What you are asked to do: The task here is to set down every line of the listing exactly.

Source data:
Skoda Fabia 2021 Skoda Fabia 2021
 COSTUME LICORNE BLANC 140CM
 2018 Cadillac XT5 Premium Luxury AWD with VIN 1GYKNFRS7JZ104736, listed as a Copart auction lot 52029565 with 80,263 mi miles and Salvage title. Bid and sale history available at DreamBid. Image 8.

Result for this exercise:
Skoda Fabia 2021 Skoda Fabia 2021
 COSTUME LICORNE BLANC 140CM
 2018 Cadillac XT5 Premium Luxury AWD with VIN 1GYKNFRS7JZ104736, listed as a Copart auction lot 52029565 with 80,263 mi miles and Salvage title. Bid and sale history available at DreamBid. Image 8.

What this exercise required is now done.